Flood Concerns and Water levels rise
Boise--The Idaho Bureau of Homeland Security is keeping a close eye on weather and flooding conditions throughout the state and preparing for flooding after heavy rainfall yesterday and more storms expected over Memorial day
After heavy rainfall yesterday there is a higher-than-average potential for damaging flooding due to record snowpack in many areas of the state, many rivers have reached flood stage.
Hydrologist Troy Lindquist of the National Weather Service in Pocatello, said a weekend storm that could run through Sunday night could bring "significant" accumulations of snow to the high country. He said as much as six inches could fall in the mountains at 8500 feet and above, he said, "and that's more that's got to melt off, extending the runoff season."
Continued heavy rain will also add to potential flash floods here, Lindquist said. Lindquist says its important to keep an eye on local streams and creeks, especially those that are already at capacity.
Backcountry snowfall is already at record levels, particularly in northern and eastern Idaho. The cooler spring weather has delayed snow from melting, increasing concerns that runoff could be devastating when summer comes. Reservoirs throughout the state are releasing water to make room for the additional runoff.

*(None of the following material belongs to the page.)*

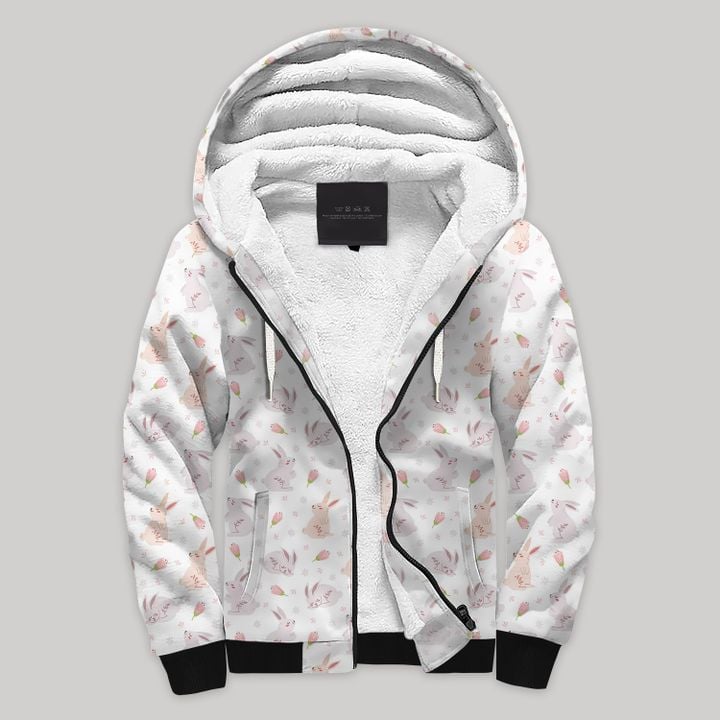 Rabbit Sleeping Blanket Fleece Zip Hoodie All Over Print | Fz926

Idaho rivers now at flood stage include the St. Joe in northern Idaho; the Bruneau and Boise rivers in southwestern Idaho, and the Snake, Henry's Fork and Portneuf rivers in eastern Idaho. The Kootenai River close to Bonners Ferry is near flood stage, as is Lake Coeur d'Alene. Local and state officials will continue monitoring river and lake levels as they fluctuate with the varying weather and runoff conditions.